I'm corresponding with a woman who works as a minister of church life in an urban church in a US western city. She loves her job, which involves teaching and discipling adults. Her role as a paid minister encourages and empowers other women to exercise their gifts for the glory of God. But, her regional board, after two years, is now protesting her visible service in the church as well as her title as minister, accusing the church where she serves as breaking under liberal pressure. She is discouraged, and I am absolutely disheartened. Is this what it is going to be like if I start serving in a church someday? I have never thought too much about women's role in the church before, mainly because I have never wanted to be a head pastor and I have never aspired to be ordained in any denomination. But, I'm learning now that in some places, the restrictions go beyond that. I'm scared now. I still have no desire to be a head pastor or to be officially ordained by anyone. But, I do desire to equip God's people for works of service, and I thought God was leading me to seminary, this seminary, to be equipped to do that. And now I wonder if there is going to be any place for me after I get out. So many churches affiliated with this seminary (which is a great, biblically sound, challenging, encouraging, edifying seminary) don't want women in ministerial positions. I never really intended on going to work for a church in this denomination anyway, but now I'm wondering if any other churches will want someone from here. This place is evangelical and doctrinally sound, even if I don't agree with them on every single point; but denominations have their own seminaries, their own networks, and I wonder, not being from one of those seminaries, if another denomination would even consider me.
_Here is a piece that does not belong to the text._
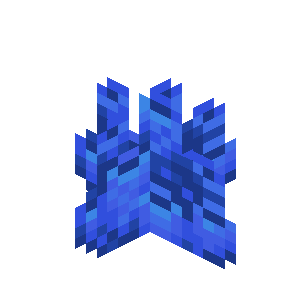 Coral Official Minecraft Wiki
My education professors love to talk about disequilibrium, saying that it is when things don't make sense that we learn the most. Things don't make sense right now - so I must be learning a lot. God lead me to resign from my teaching position, and He brought me here to this seminary, to be challenged and nurtured and taught and trained. I have to believe that my background of various denominational affiliations will be an asset in whatever God is preparing me for. I have believe that the confusion about women's ministry that I have right now is in preparation for something new. I have to believe that what I sensed God was doing last year is still in play this year, even amidst my doubts.

I have no idea where I'm going to land in all of this. And I feel utterly irresponsible because of that. Who leaves a stable, well-paying job with benefits to spend thousands of dollars on a degree that you don't even know how you're going to use? I did. Wow, that drives me crazy. It makes no sense to me at all. And yet I believe it is God who brought me here. What do I do with that? I guess hold on and see - and then re-read this when things fall together more amazingly than I can even imagine...i hope.